A modern Python package for parsing, analyzing, and manipulating RNA secondary structures. Designed with a clean API, lazy loading for performance, and comprehensive motif analysis capabilities.

Features

Modern & Easy to Use - Clean, intuitive API inspired by best practices
🚀 Performance Optimized - Lazy loading for fast parsing of large structures
🧬 Comprehensive Analysis - Extract, search, and manipulate structural motifs
🔧 Flexible Parsing - Supports multiple bracket types, pseudoknots, and alternative formats
📊 Pandas Integration - Seamless integration with pandas DataFrames
Parallel Processing - Batch processing support for large datasets
🛡️ Robust Error Handling - Graceful handling of malformed structures with warnings
🔍 Type Safe - Full type annotations with mypy support for better code quality

Installation

Install from GitHub:

python -m pip install git+https://github.com/jyesselm/rna_secstruct

Install with optional dependencies:

# With pandas support
pip install git+https://github.com/jyesselm/rna_secstruct#egg=rna_secstruct[pandas]
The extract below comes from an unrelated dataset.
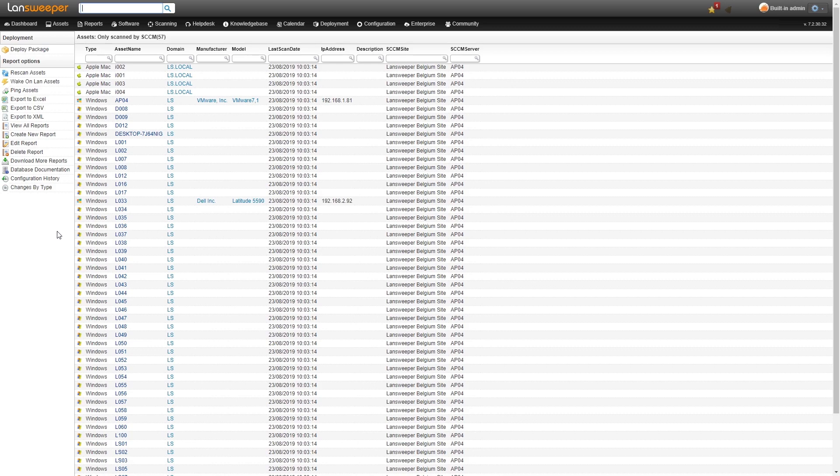It's always recommended that you scan an asset with Landsweeper as well, especially if you want that added detail of information since the information that SCCM provides for any type of asset is just slightly less than Landsweeper.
# With parallel processing
pip install git+https://github.com/jyesselm/rna_secstruct#egg=rna_secstruct[parallel]

# With all optional dependencies
pip install git+https://github.com/jyesselm/rna_secstruct#egg=rna_secstruct[all]

Quick Start

from rna_secstruct import SecStruct

# Create a structure from sequence and dot-bracket notation
struct = SecStruct("GGGAAACCC", "(((...)))")

# Access basic properties
print(f"Sequence: {struct.sequence}")      # GGGAAACCC
print(f"Structure: {struct.structure}")    # (((...)))
print(f"Length: {len(struct)}")            # 9

# Access motifs (lazy loading - parsing happens here)
for motif_id, motif in struct.motifs.items():
    print(f"{motif_id}: {motif.m_type} - {motif.sequence}")
# 0: HELIX - GGG&CCC
# 1: HAIRPIN - GAAAC

Examples

Basic Usage

Creating Structures

from rna_secstruct import SecStruct

# Simple hairpin
hairpin = SecStruct("GGGAAACCC", "(((...)))")

# Multi-strand structure (use & to separate strands)
multistrand = SecStruct(
    "GGGAAACCC&UUUAAA", 
    "(((...)))&(((...)))"
)

# Structure with junction
junction = SecStruct(
    "GGAAACGAAACGAAACC", 
    "((...)(...)(...))"
)

Accessing Motifs

struct = SecStruct("GGGAAACCC", "(((...)))")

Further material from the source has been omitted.